J’ai souvent abordé dans mes écrits, et même très récemment, que tout se sait dans ce bas monde. Les informations circulent, les gens sont informés. Nous savons tout ou presque. Mais qu’en est-il de nos secrets les plus cachés, ceux que nous croyons inviolables ? Pensons-nous qu’en faisant du mal les choses resteraient éternellement cachées ? Ceux qui nous font du mal resteront-ils impunis ?

Il y a de nombreuses manières de faire du mal. La tromperie, le mensonge, les faux discours, le vol, le profit d’autrui, l’escroquerie, salir son prochain à des fins de détruire sa réputation… La liste est longue. Mais que croient ces gens ? Pensent-ils que leurs actes immondes ne seront jamais punis ? Prenons l’exemple simple de la tromperie dans un couple.

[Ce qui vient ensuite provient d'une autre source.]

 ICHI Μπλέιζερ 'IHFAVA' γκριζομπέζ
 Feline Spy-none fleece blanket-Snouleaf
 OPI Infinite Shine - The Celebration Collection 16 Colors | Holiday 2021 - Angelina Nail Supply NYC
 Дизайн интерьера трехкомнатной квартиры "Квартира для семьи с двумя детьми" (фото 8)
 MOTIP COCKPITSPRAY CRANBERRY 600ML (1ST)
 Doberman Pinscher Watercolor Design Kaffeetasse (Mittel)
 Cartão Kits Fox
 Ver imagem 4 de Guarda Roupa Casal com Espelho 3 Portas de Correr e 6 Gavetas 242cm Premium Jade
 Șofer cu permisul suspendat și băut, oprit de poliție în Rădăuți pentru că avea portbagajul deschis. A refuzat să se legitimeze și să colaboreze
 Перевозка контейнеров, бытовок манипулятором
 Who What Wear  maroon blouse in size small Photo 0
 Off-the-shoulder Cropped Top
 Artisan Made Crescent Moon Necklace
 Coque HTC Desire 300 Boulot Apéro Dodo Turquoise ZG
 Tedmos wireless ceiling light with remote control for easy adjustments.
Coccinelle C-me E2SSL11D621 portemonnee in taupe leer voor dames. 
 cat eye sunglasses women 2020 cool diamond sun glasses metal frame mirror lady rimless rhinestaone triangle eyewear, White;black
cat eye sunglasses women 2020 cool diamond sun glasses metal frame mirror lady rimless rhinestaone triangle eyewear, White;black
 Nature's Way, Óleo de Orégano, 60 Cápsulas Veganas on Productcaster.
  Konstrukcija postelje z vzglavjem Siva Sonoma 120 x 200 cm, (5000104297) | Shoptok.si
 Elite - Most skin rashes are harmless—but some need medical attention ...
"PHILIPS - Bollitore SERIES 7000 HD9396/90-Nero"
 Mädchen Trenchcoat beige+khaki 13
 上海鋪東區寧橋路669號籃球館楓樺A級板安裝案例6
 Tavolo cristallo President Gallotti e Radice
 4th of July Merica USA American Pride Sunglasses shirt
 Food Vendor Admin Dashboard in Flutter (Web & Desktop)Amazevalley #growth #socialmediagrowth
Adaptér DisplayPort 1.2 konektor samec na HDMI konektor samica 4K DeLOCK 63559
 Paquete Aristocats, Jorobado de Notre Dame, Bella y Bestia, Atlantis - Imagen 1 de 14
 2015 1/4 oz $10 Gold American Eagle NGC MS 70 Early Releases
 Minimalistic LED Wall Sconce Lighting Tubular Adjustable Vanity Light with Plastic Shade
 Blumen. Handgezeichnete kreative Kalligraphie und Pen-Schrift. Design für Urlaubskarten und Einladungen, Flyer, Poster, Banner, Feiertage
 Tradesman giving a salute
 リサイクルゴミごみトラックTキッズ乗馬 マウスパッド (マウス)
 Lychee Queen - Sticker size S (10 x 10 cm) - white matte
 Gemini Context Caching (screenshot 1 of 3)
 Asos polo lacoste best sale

L’auteur de la tromperie se sent certainement fort tant que les choses restent cachées. Il joue avec l’autre, avec ses sentiments. Il se croit intouchable. Jusqu’au jour où, malheur pour lui, il se fait découvrir. Et là, comme par enchantement, son attitude change, il revient vers de meilleurs sentiments, se culpabilise, regrette. Mais ses regrets sont-ils sincères ou sont-ils forcés ? Lui seul le sait. Quant à celui qui passe au travers et ne se fait jamais prendre, il garde sa suffisance et son sentiment d’invulnérabilité jusqu’à sa mort.

La question ici n’est pas vraiment de savoir qui est le plus à plaindre : celui qui est découvert ou celui qui continue à vivre dans ses mensonges. La question est de savoir de qui on se moque vraiment ? Pensons-nous que tout reste indéfiniment caché et qu’il n’y a aucune conséquence à nos actes ? Rappelons que Dieu, lui, voit tout, entend tout et comprend tout. Les mensonges les plus cachés, Il les connaît. Les faux repentants, Il les démasque. Si donc nous croyons abuser les autres, quel que soit le mal qu’on ait pu faire, souvenons-nous que nous sommes observés, même dans le noir le plus total.

Tout se sait, tout finit par se savoir, tout vient à la lumière et tout finit par être découvert. Ceux qui pensent le contraire se leurrent et le paieront cher. Tôt ou tard.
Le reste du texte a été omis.